Short web captions:

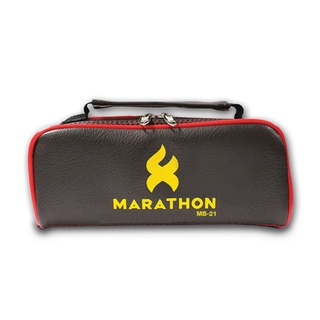 MARATHON กระเป๋าเปตอง MB-21 กระเป๋าใส่ลูกเปตอง กระเป๋าหนังอย่างดีมีซิป บรรจุลูกเปตองได้ 3 ลูก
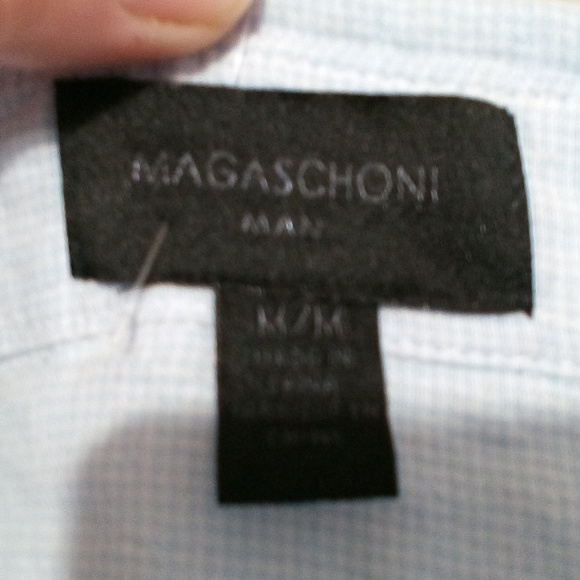 FLASH SALE! Magaschino Man Button Up Shirt Sz.M Like New - Picture 9 of 11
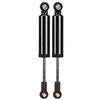 2pcs Aluminum Alloy Shock Struts Damper Fit for SCX10 TRX4 1 10 RC Car AccessoryBlack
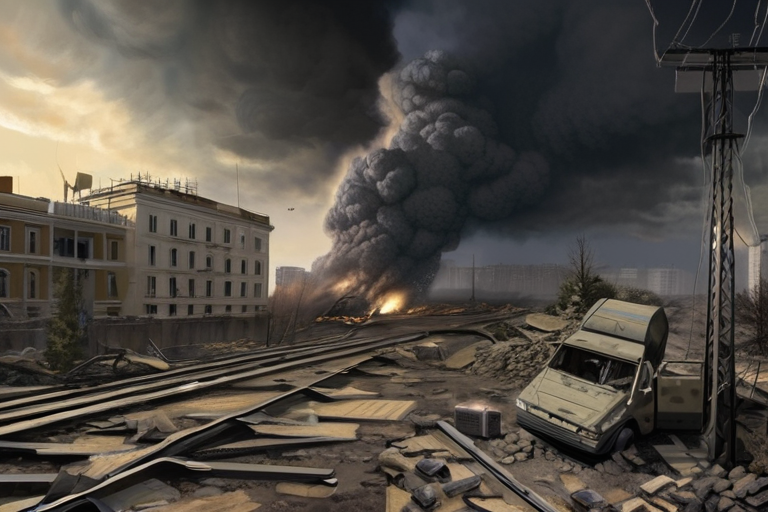 URGENT: Russian Strikes Devastate Kyiv, Leaving Capital in Darkness.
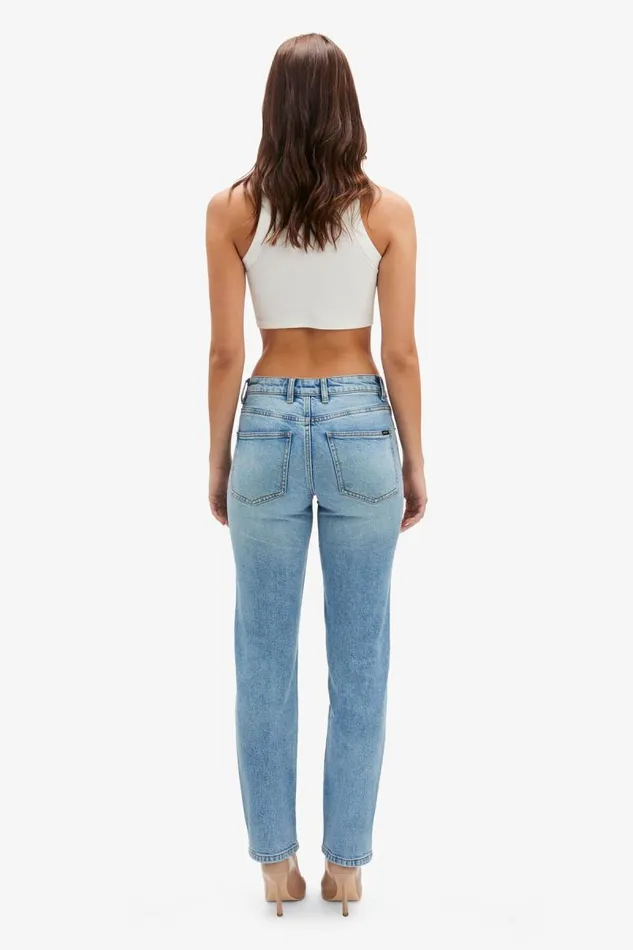 Women Straight Jean Bardot Faris Straight Leg Jeans In Vintage Vintage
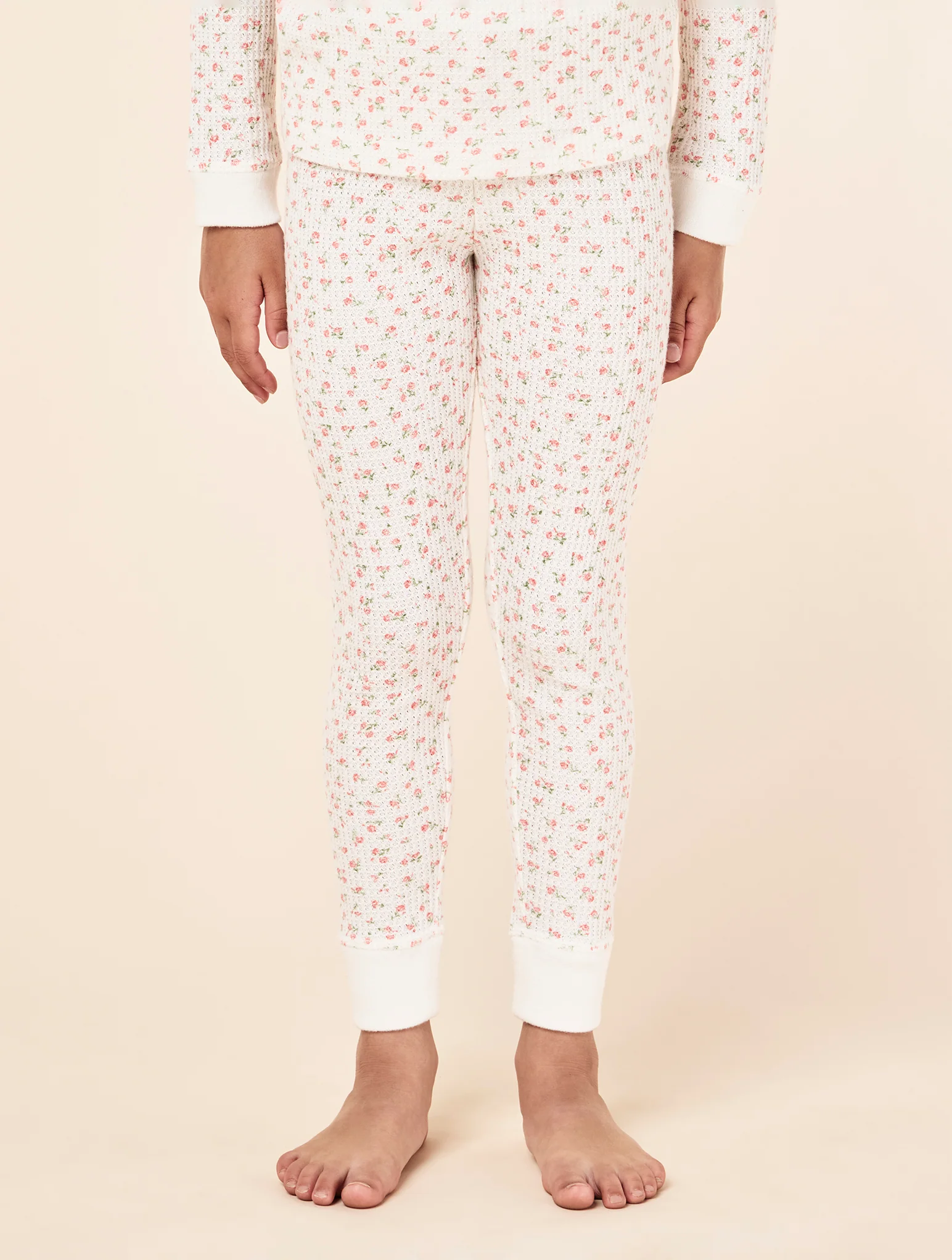Kids Rosette Waffle Full Length PJ Set - Image 5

Exercise description:
What is needed is an exact copy of only the lines from the line containing "URGENT: Russian Strikes" through the last line of the entries, inclusive, without the pictures.

Your response:
 URGENT: Russian Strikes Devastate Kyiv, Leaving Capital in Darkness.
 Women Straight Jean Bardot Faris Straight Leg Jeans In Vintage Vintage
Kids Rosette Waffle Full Length PJ Set - Image 5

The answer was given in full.